__About this task__: Could you filter the records below and keep only the lines with the word "right"?

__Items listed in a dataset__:
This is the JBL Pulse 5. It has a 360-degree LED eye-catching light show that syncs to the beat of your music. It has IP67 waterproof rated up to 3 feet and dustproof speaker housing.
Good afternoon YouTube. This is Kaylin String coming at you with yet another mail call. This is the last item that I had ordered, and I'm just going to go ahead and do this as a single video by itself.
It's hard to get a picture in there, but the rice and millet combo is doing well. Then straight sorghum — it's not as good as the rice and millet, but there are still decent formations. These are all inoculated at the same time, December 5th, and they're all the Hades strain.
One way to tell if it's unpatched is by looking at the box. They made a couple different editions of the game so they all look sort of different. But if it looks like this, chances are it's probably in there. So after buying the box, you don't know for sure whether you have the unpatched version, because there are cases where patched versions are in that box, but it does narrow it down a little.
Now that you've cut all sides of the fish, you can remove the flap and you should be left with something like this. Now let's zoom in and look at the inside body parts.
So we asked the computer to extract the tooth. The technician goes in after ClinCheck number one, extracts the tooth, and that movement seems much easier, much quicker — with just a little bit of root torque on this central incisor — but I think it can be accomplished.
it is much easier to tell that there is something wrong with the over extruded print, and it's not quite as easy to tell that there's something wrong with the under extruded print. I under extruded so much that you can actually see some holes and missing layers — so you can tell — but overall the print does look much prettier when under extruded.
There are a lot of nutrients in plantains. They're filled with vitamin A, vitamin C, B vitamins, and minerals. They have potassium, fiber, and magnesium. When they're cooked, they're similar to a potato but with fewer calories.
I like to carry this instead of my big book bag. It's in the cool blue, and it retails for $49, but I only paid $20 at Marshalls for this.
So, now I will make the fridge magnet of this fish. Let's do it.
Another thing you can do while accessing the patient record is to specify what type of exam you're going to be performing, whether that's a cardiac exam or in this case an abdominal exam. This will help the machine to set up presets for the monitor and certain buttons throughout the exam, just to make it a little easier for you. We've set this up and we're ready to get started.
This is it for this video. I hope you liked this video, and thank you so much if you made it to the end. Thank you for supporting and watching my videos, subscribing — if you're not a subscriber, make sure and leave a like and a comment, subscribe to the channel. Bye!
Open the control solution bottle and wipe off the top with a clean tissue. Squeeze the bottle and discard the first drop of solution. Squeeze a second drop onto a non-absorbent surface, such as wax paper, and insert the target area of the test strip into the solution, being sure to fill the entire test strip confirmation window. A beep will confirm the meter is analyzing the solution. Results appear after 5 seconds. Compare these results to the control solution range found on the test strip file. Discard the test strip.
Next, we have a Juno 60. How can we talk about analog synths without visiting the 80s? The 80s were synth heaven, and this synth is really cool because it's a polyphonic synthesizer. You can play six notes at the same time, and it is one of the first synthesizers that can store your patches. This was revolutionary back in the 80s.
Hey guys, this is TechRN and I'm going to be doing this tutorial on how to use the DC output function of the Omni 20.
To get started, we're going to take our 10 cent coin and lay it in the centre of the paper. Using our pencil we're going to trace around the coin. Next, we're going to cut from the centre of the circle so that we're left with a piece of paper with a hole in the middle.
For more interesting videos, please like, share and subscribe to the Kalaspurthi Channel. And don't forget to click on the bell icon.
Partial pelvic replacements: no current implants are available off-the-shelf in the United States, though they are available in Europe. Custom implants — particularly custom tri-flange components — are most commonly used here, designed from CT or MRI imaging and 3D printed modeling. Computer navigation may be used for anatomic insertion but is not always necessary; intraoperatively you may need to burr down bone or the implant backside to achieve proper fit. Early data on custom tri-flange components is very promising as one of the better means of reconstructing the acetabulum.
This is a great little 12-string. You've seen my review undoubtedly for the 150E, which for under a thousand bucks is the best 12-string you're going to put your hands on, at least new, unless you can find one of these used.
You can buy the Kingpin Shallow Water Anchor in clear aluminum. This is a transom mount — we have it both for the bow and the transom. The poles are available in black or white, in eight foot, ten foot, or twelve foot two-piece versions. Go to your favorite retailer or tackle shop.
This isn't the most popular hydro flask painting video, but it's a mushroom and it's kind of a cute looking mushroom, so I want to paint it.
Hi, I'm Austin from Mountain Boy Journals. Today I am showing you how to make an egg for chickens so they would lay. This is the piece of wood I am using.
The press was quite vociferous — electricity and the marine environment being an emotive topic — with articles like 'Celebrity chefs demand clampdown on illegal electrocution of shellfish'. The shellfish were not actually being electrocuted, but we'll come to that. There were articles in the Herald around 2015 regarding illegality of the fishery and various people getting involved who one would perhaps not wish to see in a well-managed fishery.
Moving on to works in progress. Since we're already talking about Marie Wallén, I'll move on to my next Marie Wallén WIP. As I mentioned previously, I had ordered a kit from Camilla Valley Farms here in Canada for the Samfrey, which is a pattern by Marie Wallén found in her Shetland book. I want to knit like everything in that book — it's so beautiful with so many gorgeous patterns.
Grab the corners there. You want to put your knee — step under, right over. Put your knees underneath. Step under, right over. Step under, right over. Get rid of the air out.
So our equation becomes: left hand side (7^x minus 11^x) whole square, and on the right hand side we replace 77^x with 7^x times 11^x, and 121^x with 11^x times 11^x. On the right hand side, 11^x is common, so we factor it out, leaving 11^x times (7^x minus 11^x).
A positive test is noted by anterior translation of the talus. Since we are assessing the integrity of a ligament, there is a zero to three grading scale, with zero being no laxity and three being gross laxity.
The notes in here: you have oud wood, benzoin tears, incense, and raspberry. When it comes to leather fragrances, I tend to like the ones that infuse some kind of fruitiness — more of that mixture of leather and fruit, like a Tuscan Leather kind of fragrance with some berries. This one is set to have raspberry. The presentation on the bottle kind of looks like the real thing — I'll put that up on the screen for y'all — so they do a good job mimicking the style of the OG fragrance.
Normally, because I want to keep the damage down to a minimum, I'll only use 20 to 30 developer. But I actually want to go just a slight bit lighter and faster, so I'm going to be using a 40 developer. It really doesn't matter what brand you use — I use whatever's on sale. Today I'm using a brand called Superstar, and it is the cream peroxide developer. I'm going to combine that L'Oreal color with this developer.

__Solution for this task__:
Grab the corners there. You want to put your knee — step under, right over. Put your knees underneath. Step under, right over. Step under, right over. Get rid of the air out.
So our equation becomes: left hand side (7^x minus 11^x) whole square, and on the right hand side we replace 77^x with 7^x times 11^x, and 121^x with 11^x times 11^x. On the right hand side, 11^x is common, so we factor it out, leaving 11^x times (7^x minus 11^x).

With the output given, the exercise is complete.